Lift: A force that enables an aircraft to rise off the ground.
Lift Formula: A mathematical representation of the lift force that relates the various parameters affecting lift.
Mean Camber Line:
The precise center of the wing's thickness when sliced in half.
Matches the top and bottom slices of the wing.
Leading Edge:
The point where the mean camber line meets the front end of the wing.
Trailing Edge:
The point where the mean camber line meets the rear end of the wing.
Chord Line:
A straight line joining the leading edge and trailing edge.
Relative Airflow:
The direction of the air movement relative to the wing.
Angle of Attack:
The angle between the chord line and relative airflow.
Airspeed:
The speed at which the aircraft flies through the air.
Wing Surface Area (S):
The projected area of the wing.
Air Density (Rho):
The mass of air molecules within a specific volume; higher density indicates more air molecules present.
Lift Formula: L = Cl1/2ρV^2S
L: Lift force
Cl: Coefficient of Lift
Rho(ρ): Air Density
V: Airspeed
S: Wing Surface Area
Lift (L):
The force created by the wing's movement through air.
Coefficient of Lift (Cl):
Represents how much lift the wing can produce at any position of the angle of attack; determined during wing design.
Key Variables:
Angle of Attack: A key component affecting the coefficient of lift, easily controlled by the pilot.
Air Density (Rho aka ρ): Related to lift, defined as the mass of air per volume.
Airspeed (V): Refers to how fast the aircraft moves through the air, impact on lift.
Wing Surface Area (S): Larger surface areas can generate more lift.
Formula indicates the interconnected nature of airspeed and angle of attack in maintaining consistent lift.
For constant lift:
Increased airspeed requires a decrease in angle of attack.

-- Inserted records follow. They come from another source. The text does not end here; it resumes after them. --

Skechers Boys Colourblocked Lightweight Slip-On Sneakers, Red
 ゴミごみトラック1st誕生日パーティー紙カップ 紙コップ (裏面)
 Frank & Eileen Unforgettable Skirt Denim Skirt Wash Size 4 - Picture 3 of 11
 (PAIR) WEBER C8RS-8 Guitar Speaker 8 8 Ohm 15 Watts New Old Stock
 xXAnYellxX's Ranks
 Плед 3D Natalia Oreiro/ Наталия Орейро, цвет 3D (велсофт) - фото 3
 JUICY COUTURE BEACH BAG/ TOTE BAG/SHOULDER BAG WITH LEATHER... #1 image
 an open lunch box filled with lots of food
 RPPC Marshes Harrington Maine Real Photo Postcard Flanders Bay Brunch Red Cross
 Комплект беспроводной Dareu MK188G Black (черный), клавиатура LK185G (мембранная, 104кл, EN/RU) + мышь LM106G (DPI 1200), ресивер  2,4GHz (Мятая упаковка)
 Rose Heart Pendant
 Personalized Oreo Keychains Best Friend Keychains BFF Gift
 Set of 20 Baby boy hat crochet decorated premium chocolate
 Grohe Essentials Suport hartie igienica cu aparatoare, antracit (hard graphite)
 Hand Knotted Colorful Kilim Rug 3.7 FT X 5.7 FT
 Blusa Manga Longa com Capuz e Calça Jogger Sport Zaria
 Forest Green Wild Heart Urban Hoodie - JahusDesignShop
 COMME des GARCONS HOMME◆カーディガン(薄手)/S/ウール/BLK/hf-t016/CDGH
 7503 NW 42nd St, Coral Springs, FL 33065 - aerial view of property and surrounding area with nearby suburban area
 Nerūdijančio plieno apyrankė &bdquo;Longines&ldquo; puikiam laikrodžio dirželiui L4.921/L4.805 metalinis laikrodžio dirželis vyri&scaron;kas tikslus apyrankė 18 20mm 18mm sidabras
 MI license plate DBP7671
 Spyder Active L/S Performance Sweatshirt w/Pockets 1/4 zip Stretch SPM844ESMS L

Decreased airspeed requires an increase in angle of attack.
Two aircraft producing the same amount of lift while maintaining level flight:
Top Aircraft:
Higher angle of attack, slower airspeed.
Bottom Aircraft:
Lower angle of attack, faster airspeed.
This comparison illustrates how adjustments in angle of attack and airspeed can maintain the same lift force.